▶ _Records for this task_
========
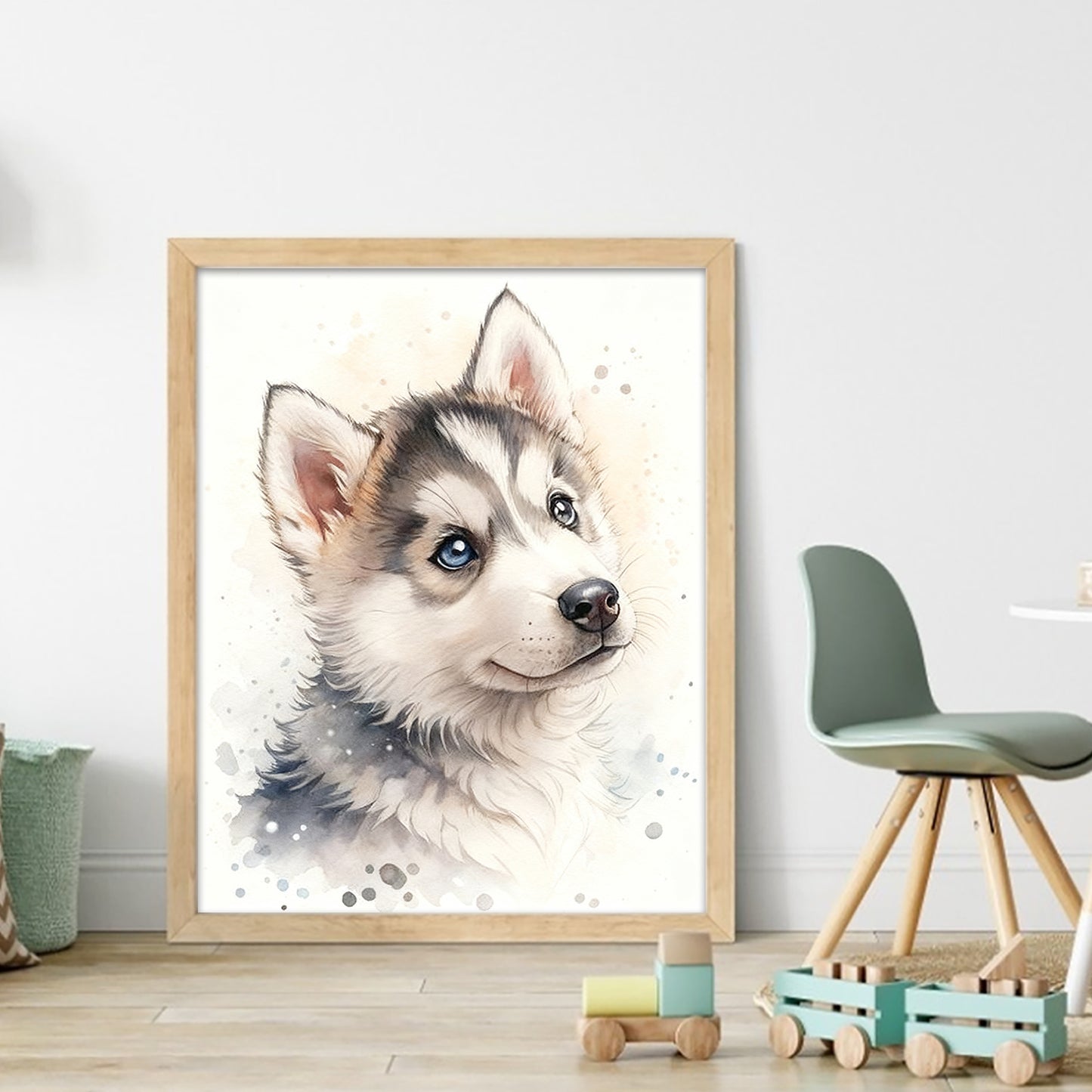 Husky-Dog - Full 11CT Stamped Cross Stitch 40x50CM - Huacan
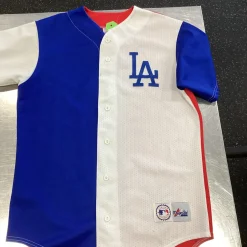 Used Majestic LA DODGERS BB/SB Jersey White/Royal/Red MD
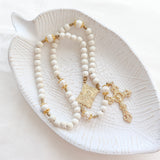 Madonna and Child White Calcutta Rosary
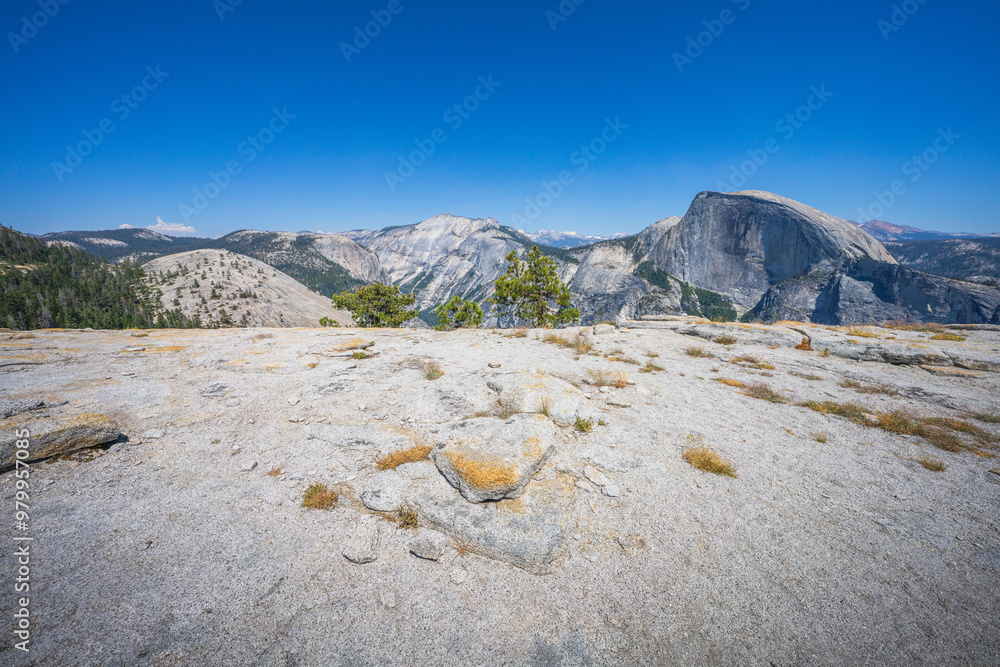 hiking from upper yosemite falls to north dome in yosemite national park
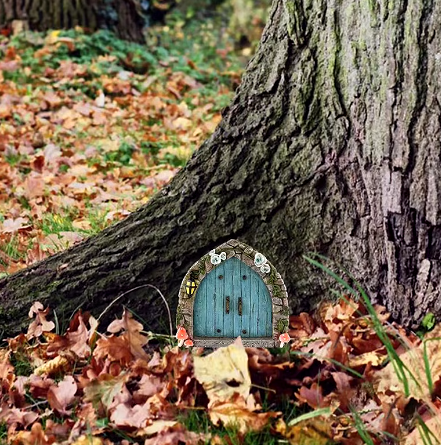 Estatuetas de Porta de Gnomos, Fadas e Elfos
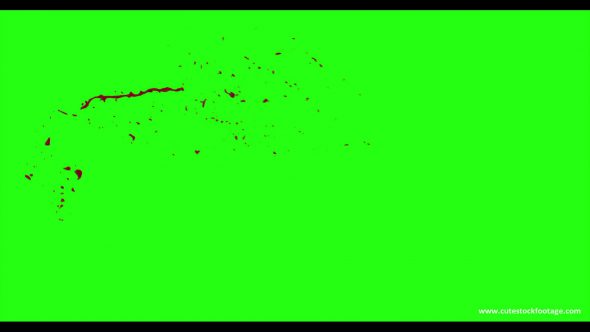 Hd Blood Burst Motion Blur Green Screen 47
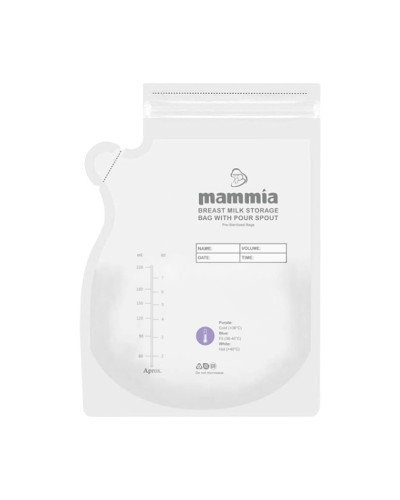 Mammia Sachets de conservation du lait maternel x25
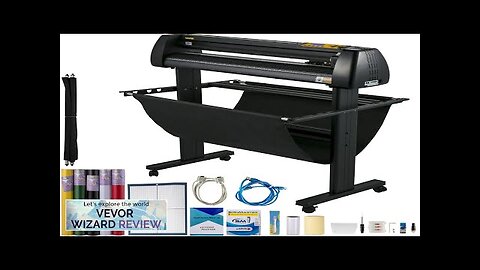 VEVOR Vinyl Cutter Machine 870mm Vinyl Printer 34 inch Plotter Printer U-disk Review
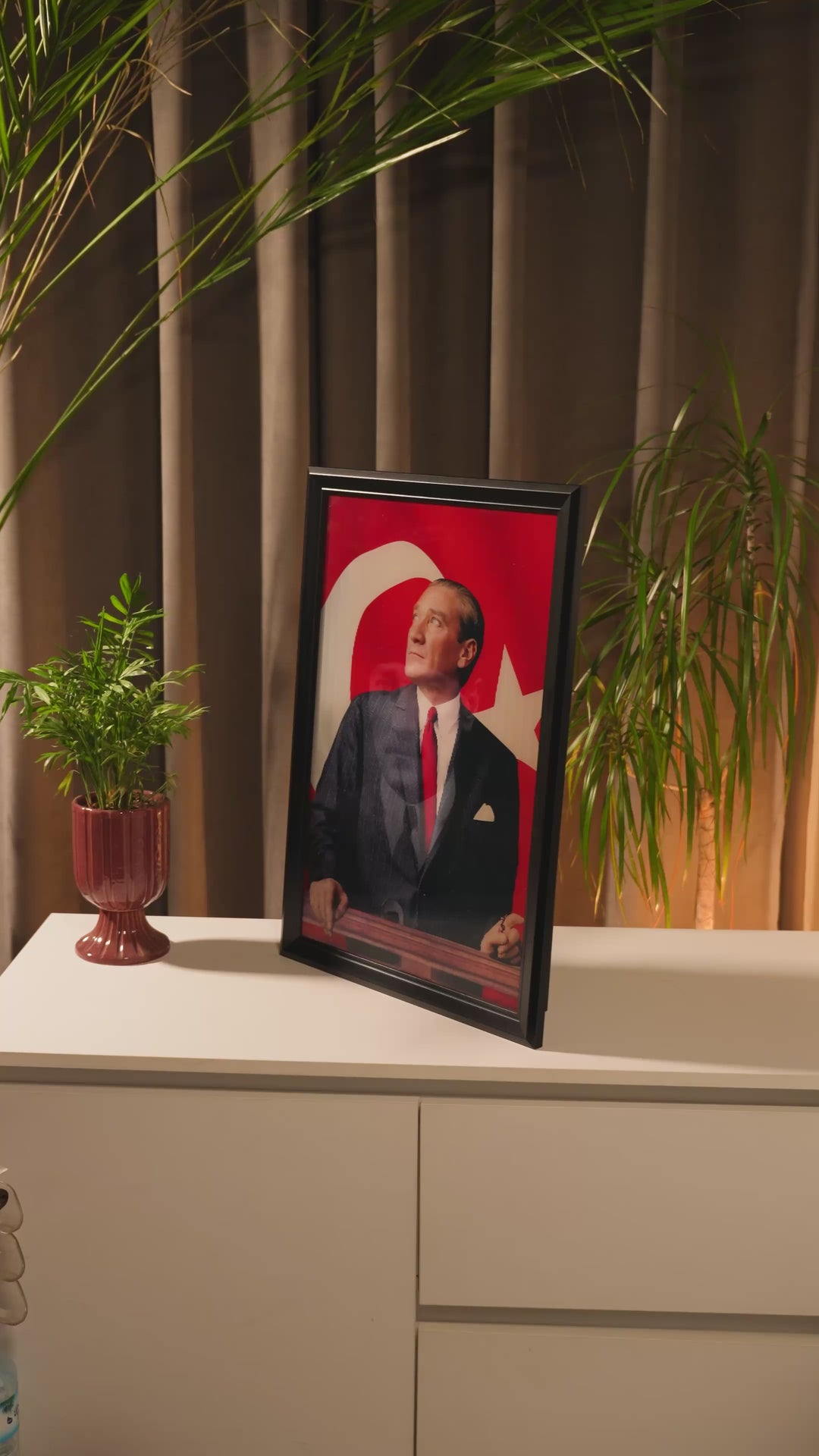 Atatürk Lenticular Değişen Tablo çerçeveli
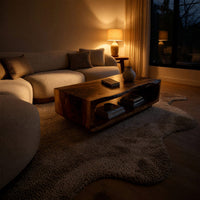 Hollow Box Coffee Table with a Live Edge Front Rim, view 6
========
▶ _Exercise goal_
Nothing but the lines from the one that contains "Estatuetas de Porta de Gnomos, Fadas e Elfos" through the last line of the material should be written out, exactly. Omit pictures.

▶ _Answer box_
 Estatuetas de Porta de Gnomos, Fadas e Elfos
 Hd Blood Burst Motion Blur Green Screen 47
 Mammia Sachets de conservation du lait maternel x25
 VEVOR Vinyl Cutter Machine 870mm Vinyl Printer 34 inch Plotter Printer U-disk Review
 Atatürk Lenticular Değişen Tablo çerçeveli
 Hollow Box Coffee Table with a Live Edge Front Rim, view 6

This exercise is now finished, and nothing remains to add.